+++ Task material
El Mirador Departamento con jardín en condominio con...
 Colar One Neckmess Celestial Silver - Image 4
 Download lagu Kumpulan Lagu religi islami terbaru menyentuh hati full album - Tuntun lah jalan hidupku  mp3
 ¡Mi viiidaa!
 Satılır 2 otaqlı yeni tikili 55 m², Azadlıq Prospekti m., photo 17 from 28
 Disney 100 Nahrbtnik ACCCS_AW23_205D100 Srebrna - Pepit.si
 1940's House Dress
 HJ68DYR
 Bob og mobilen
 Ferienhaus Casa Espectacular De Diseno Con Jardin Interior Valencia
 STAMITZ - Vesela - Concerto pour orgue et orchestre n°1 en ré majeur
++++++
» Work required
Reproduce the material verbatim, line by line.

» Exercise answer
El Mirador Departamento con jardín en condominio con...
 Colar One Neckmess Celestial Silver - Image 4
 Download lagu Kumpulan Lagu religi islami terbaru menyentuh hati full album - Tuntun lah jalan hidupku  mp3
 ¡Mi viiidaa!
 Satılır 2 otaqlı yeni tikili 55 m², Azadlıq Prospekti m., photo 17 from 28
 Disney 100 Nahrbtnik ACCCS_AW23_205D100 Srebrna - Pepit.si
 1940's House Dress
 HJ68DYR
 Bob og mobilen
 Ferienhaus Casa Espectacular De Diseno Con Jardin Interior Valencia
 STAMITZ - Vesela - Concerto pour orgue et orchestre n°1 en ré majeur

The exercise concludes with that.